The year after Japan attacked Pearl Harbor, enrollment at New Mexico College A&M fell from 935 to 209. With many of the students at war, the campus was utilized by the Army Specialized Training Program. By the end of the war, 124 of the college's former students had died in military service.

Eighteen hundred men of the New Mexico National Guard were sent to the Philippines in 1941. The islands fell to the Japanese in April 1942. Taken prisoner, the American troops were forced to march more than sixty miles through intense heat with almost no water or food. Known as the Bataan Death March, less than half of the prisoners survived. There were thirty-one soldiers from the Las Cruces area on the March, only fourteen survived.

Resentment against the Japanese was so high that the Emergency Farm Labor Program could not use Japanese war prisoners to work on Mesilla Valley farms. Instead, Italian prisoners picked cotton. In July 1944, German prisoners replaced the Italians. They worked on local farms until 1946. Generally, the prisoners of war were valued as wartime laborers.

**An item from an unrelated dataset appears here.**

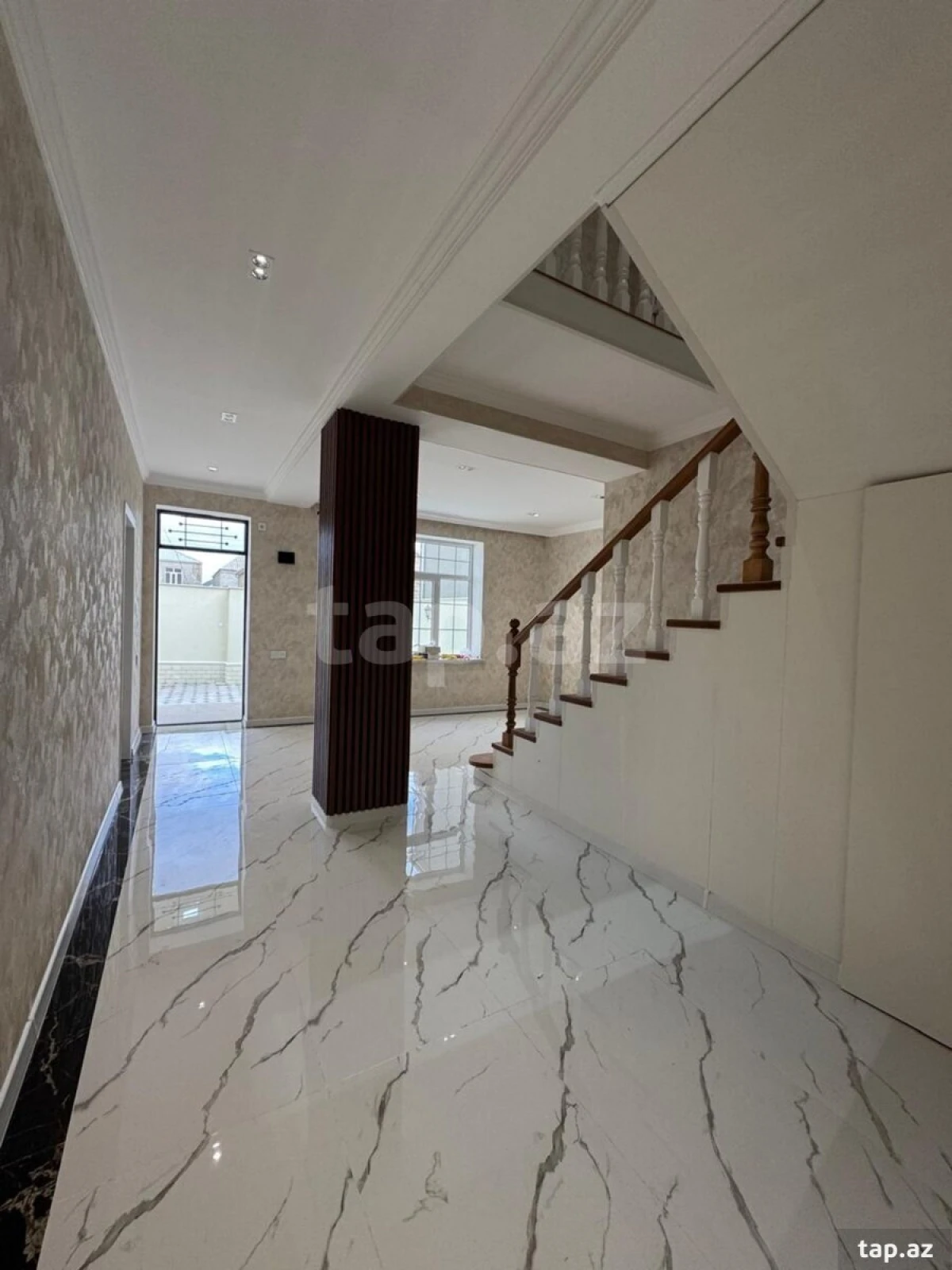 Satılır 6 otaqlı həyət evi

Wartime meant rationing everything from gasoline to sugar to tires. In 1942, Dona Ana County invested $93,894 in war bonds and stamps, more than twice its quota. Children brought dimes to school on Wednesdays to buy war bond stamps. College girls volunteered to pick cotton. Las Crucens also held drives to collect scrap metal, rubber, and tin foil for the war effort.

At 5:30 a.m., July 16, 1945, scientists from Los Alamos tested the atomic bomb on the Alamogordo Bombing Range. Shock waves from the explosion broke windows 120 miles away. Officials said the blast was an accidental munitions explosion. In August, the U.S. dropped atomic bombs on Hiroshima and Nagasaki. Japan's surrender five days later ended World War II.

White Sands Missile Range

New Mexico became a testing ground in 1930 when Robert Goddard brought his rocket research program to Roswell. In 1944, the government took over the Alamogordo Bombing Range and nearby lands for the new White Sands Proving Ground. This area was approximately 100 miles long and forty miles wide.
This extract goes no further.